A long-time investor, David Adonri explained that the volume of trade usually drops towards the end of the year but the market normalises in January.

With the persistent drop in the value of the Nigerian Naira against foreign currencies, investors are wary of unfavourable currency conversion.

“The equity market reacts to so many things. The depreciation of the naira, which is around N1,700, of course, would impact the market. The foreign exchange position can make people exit the market and convert to hard currency, which is stronger, possibly to come back to the market when they see an improved currency level. That is what we call carry-over trade,” Adonri said.

“We also have the hike in the interest rate, which also causes financial assets to migrate away from the capital market,” Adonri added.

“Third, we are in the period of the year, where seasonally, the market is a little bit down because there is nothing specific to drive the market like full-year results or half-year dividends and so on. So we slide to a low tempo from September up to November until after Christmas the market starts trending up again,” he further stated.

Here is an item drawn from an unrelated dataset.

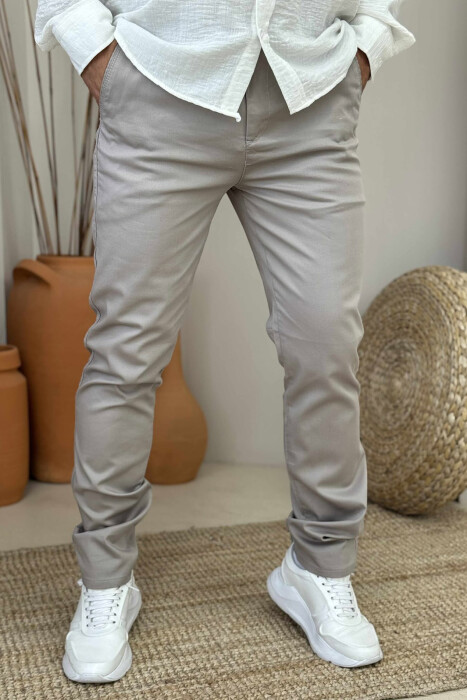 ONE COLOR SIMPLE MEN PANTS GREY-GREY/GG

According to a report by the Nigerian Exchange Group (NGX), equity investment transactions dropped in Q3, 2024 compared to the previous quarter of the year.

In the same vein, the National Bureau of Statistics (NBS) reported that capital importation showed that investors shifted from equity investment to portfolio investment.

The portfolio investment includes equity, bonds, and money market instruments.

With the recent shift, the portfolio investment made a 10.37 percent increase amounting to a $106.85 million gain from the N1.03 billion total capital inflow.